**** Exercise data

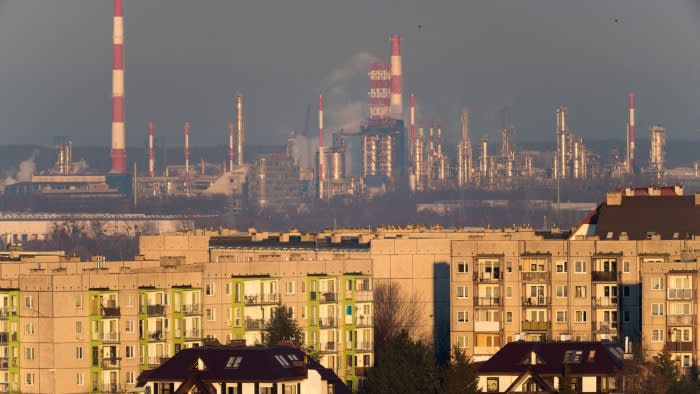 Контролираната от полската държава петролна компания Orlen е продала активи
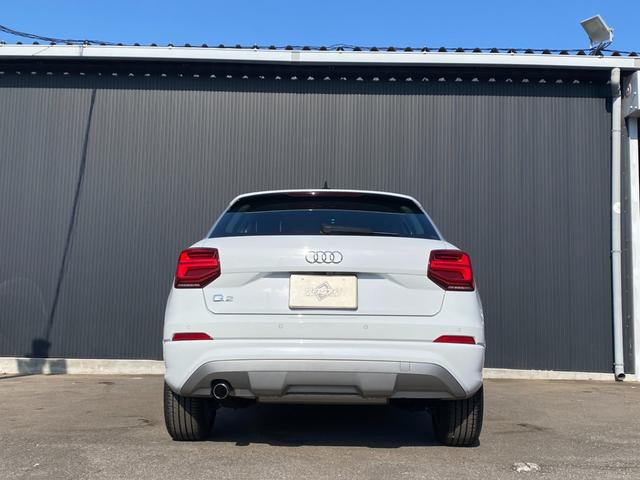 Ｑ２ ３０ＴＦＳＩスポーツ　ヴァーチャルコクピット　バックカメラ　ＭＭＩナビ　Ａｕｄｉドライブセレクト　Ａｕｄｉプレセンス　ＡＣＣ　Ａｕｄｉアクティブレーンアシスト　レインセンサー　前席シートヒーター　アドバンスドキー　ＬＥＤ（8枚目）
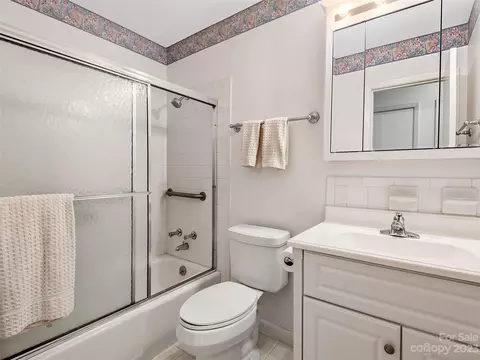 102 Boyd 5b Dr #5B, Flat Rock, NC 28731 photo 12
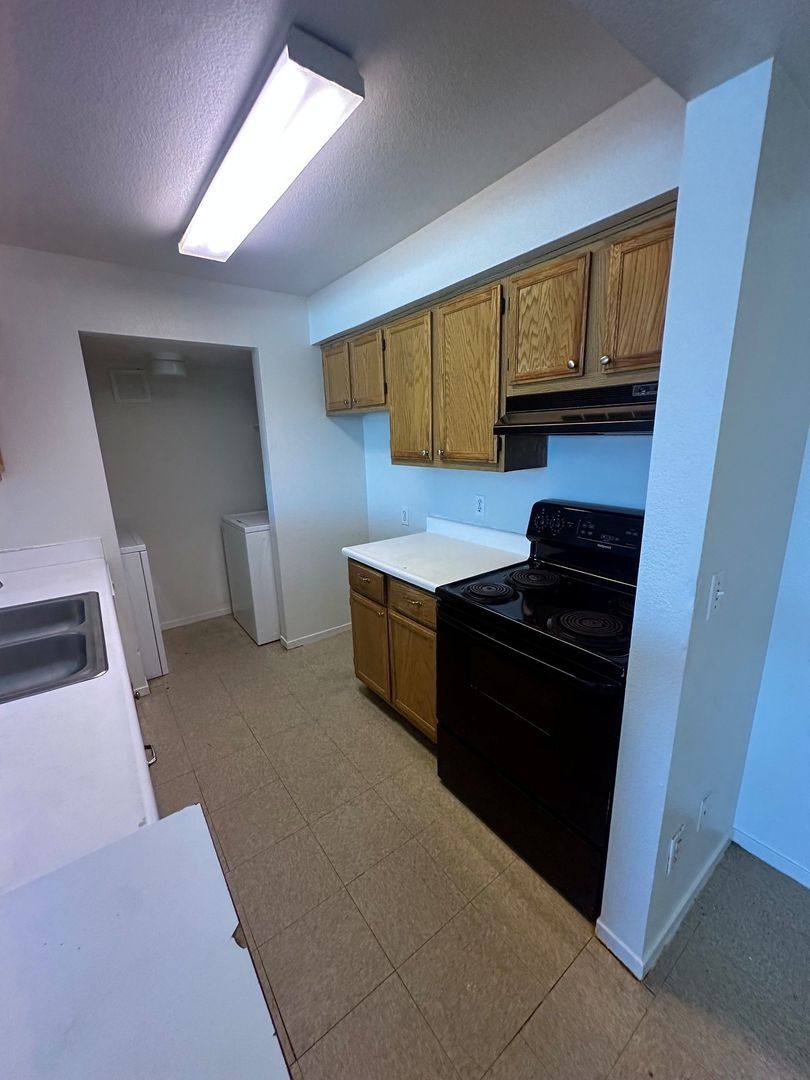 Apartment for rent at 3990 E Carey Ave, Las Vegas, NV 89115
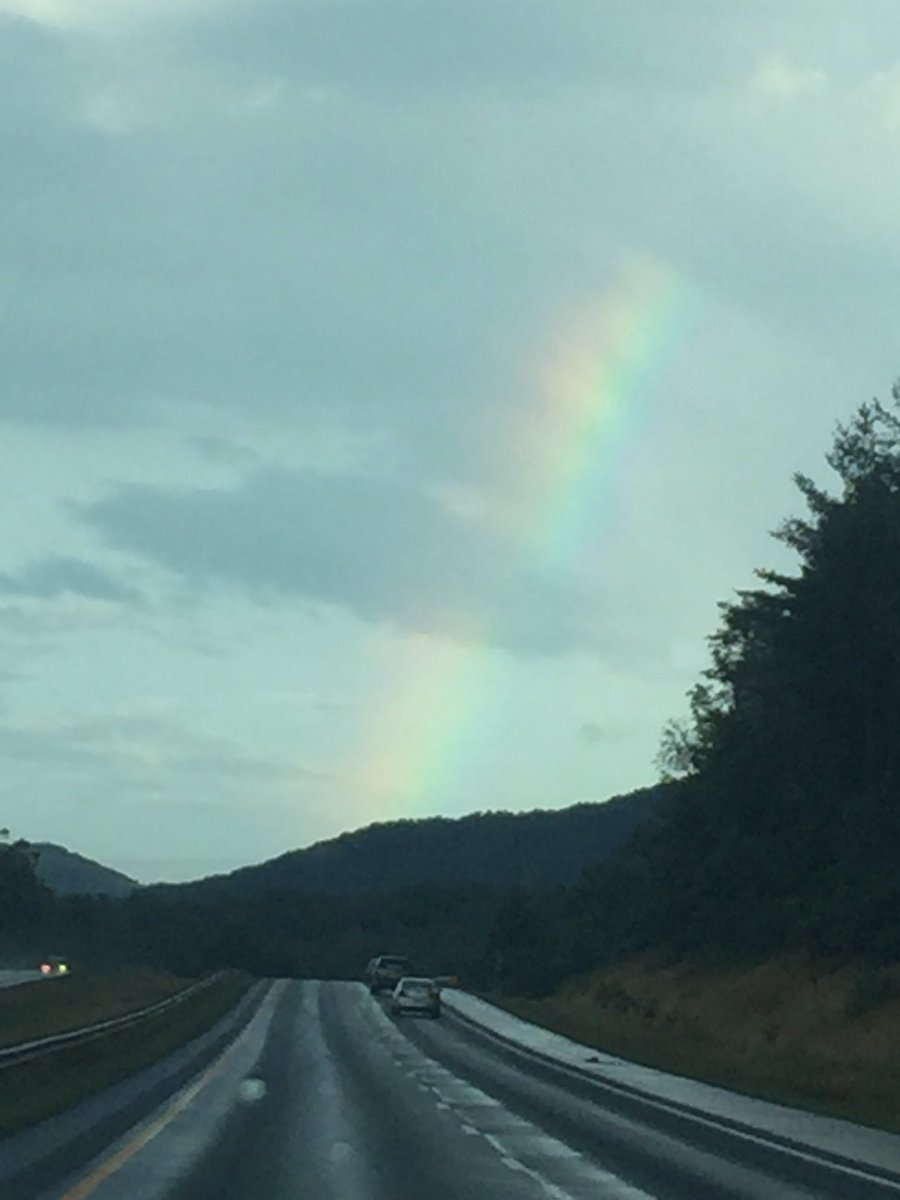 celestinasays's tweet photo. What a pretty rainbow! https://t.co/UkxikDrKGY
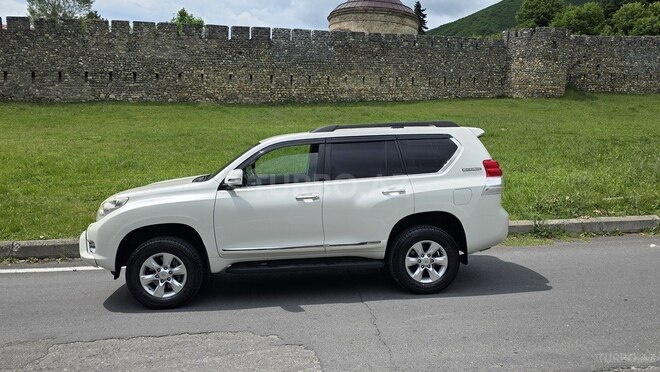 Toyota Land Cruiser Prado 2010, 260,000 km - 2.7 l - Şəki
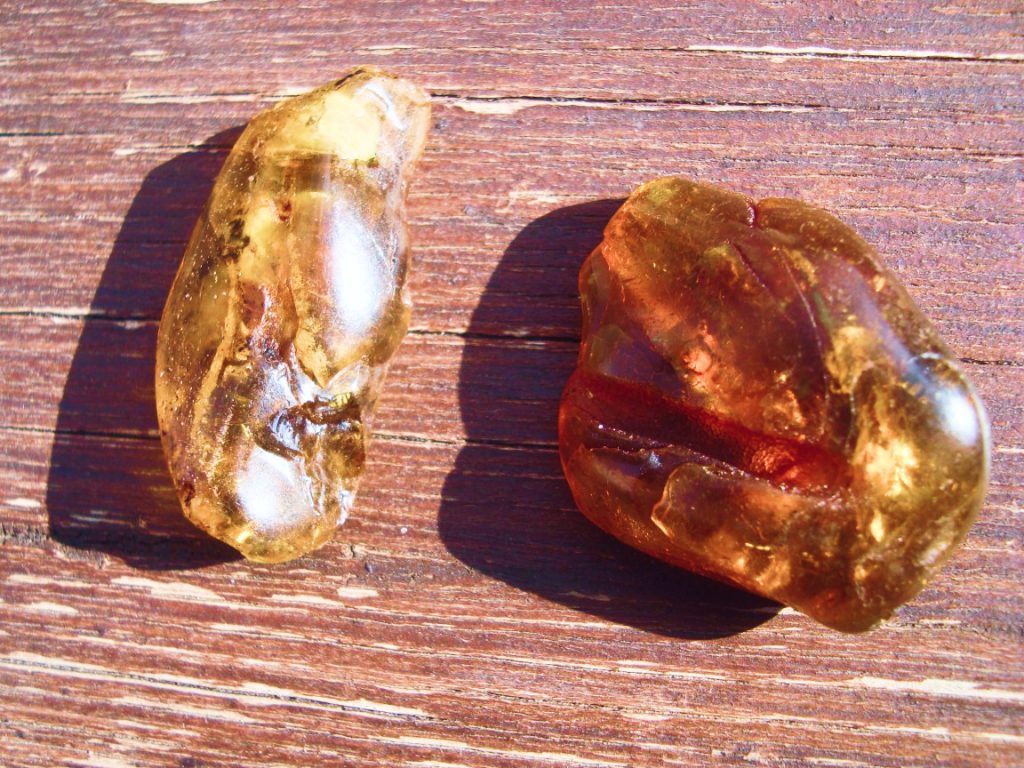 Sonhar com Pedras de Âmbar
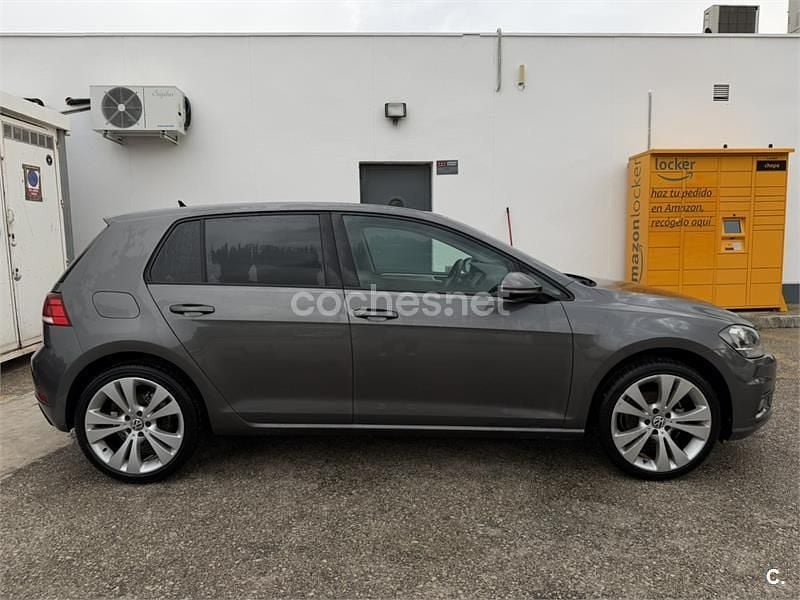Usado VW Golf VII Advance 110 CV (80 kW) 2019 Gris / plata Berlina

********

#### [Task to complete]
Letter for letter, reproduce every record above and skip the pictures.

#### [Problem solution]
 Контролираната от полската държава петролна компания Orlen е продала активи
 Ｑ２ ３０ＴＦＳＩスポーツ　ヴァーチャルコクピット　バックカメラ　ＭＭＩナビ　Ａｕｄｉドライブセレクト　Ａｕｄｉプレセンス　ＡＣＣ　Ａｕｄｉアクティブレーンアシスト　レインセンサー　前席シートヒーター　アドバンスドキー　ＬＥＤ（8枚目）
 102 Boyd 5b Dr #5B, Flat Rock, NC 28731 photo 12
 Apartment for rent at 3990 E Carey Ave, Las Vegas, NV 89115
 celestinasays's tweet photo. What a pretty rainbow! https://t.co/UkxikDrKGY
 Toyota Land Cruiser Prado 2010, 260,000 km - 2.7 l - Şəki
 Sonhar com Pedras de Âmbar
Usado VW Golf VII Advance 110 CV (80 kW) 2019 Gris / plata Berlina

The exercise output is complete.